* [WHAT TO DO] Gather, from the data below, each line in which the word "Chapter" occurs.

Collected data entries
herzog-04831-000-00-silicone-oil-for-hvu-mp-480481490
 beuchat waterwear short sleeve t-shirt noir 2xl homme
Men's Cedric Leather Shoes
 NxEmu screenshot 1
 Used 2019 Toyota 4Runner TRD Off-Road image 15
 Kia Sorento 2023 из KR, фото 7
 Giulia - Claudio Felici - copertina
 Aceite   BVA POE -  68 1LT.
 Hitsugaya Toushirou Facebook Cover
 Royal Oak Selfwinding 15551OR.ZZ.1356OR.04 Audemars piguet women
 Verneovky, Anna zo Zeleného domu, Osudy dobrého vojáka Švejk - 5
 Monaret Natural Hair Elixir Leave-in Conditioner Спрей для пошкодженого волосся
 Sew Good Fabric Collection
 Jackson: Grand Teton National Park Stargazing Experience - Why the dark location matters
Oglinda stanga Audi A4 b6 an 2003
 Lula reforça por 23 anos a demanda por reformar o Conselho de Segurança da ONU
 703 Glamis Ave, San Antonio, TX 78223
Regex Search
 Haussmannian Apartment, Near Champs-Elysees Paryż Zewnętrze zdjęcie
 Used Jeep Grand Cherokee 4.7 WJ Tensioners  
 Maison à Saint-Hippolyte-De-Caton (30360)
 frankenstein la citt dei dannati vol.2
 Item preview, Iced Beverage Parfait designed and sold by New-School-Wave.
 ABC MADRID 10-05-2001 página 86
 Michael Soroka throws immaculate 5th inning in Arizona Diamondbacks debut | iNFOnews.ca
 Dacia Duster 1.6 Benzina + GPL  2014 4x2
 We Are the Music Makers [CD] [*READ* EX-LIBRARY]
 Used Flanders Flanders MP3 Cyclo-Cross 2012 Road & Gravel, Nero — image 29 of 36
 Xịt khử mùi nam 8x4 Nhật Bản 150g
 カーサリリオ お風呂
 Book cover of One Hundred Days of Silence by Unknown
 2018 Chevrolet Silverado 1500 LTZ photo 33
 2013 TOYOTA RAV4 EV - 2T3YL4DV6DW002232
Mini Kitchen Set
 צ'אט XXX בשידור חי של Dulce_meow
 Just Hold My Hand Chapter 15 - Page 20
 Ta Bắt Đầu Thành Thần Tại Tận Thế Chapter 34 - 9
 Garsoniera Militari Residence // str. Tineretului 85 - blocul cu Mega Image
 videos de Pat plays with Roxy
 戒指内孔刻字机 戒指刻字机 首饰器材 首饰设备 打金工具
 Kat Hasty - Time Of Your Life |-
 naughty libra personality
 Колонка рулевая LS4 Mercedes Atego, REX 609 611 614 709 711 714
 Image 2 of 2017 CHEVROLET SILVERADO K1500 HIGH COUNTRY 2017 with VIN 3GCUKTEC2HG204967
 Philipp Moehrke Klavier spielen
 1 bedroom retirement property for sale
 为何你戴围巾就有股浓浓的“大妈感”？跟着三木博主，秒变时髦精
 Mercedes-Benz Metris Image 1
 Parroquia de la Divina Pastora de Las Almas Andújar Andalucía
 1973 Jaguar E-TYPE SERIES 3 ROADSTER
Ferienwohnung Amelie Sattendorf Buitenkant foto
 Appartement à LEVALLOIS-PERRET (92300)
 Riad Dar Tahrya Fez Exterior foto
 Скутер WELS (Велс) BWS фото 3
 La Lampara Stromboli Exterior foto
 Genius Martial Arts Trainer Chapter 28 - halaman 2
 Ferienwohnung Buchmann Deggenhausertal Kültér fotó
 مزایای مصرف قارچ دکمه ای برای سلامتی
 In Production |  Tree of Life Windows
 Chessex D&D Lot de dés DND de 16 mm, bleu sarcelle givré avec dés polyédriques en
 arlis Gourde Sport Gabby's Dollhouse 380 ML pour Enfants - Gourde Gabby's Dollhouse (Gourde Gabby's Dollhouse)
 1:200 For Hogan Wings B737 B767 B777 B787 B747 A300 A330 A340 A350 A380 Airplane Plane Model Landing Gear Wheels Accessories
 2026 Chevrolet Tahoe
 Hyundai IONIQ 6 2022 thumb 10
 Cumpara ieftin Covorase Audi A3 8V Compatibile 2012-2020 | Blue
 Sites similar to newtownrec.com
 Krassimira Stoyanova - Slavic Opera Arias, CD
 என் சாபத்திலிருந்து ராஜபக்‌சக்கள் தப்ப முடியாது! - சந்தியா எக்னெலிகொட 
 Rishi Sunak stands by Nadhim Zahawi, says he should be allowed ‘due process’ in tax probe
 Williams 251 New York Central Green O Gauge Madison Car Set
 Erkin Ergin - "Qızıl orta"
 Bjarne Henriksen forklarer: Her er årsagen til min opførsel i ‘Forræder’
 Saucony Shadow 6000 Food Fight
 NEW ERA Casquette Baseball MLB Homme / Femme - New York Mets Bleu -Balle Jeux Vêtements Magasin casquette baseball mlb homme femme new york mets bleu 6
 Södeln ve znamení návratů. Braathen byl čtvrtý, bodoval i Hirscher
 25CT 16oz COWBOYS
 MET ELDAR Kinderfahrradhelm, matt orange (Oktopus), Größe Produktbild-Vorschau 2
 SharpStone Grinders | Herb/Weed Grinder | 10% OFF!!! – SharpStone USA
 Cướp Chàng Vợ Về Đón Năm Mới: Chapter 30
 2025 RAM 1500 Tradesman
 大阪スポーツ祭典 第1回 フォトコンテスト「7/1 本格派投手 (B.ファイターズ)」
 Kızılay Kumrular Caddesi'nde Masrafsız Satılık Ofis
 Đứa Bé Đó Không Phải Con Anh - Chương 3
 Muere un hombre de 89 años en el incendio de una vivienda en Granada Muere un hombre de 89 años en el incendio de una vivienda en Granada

* [FINISHED EXERCISE]
 Just Hold My Hand Chapter 15 - Page 20
 Ta Bắt Đầu Thành Thần Tại Tận Thế Chapter 34 - 9
 Genius Martial Arts Trainer Chapter 28 - halaman 2
 Cướp Chàng Vợ Về Đón Năm Mới: Chapter 30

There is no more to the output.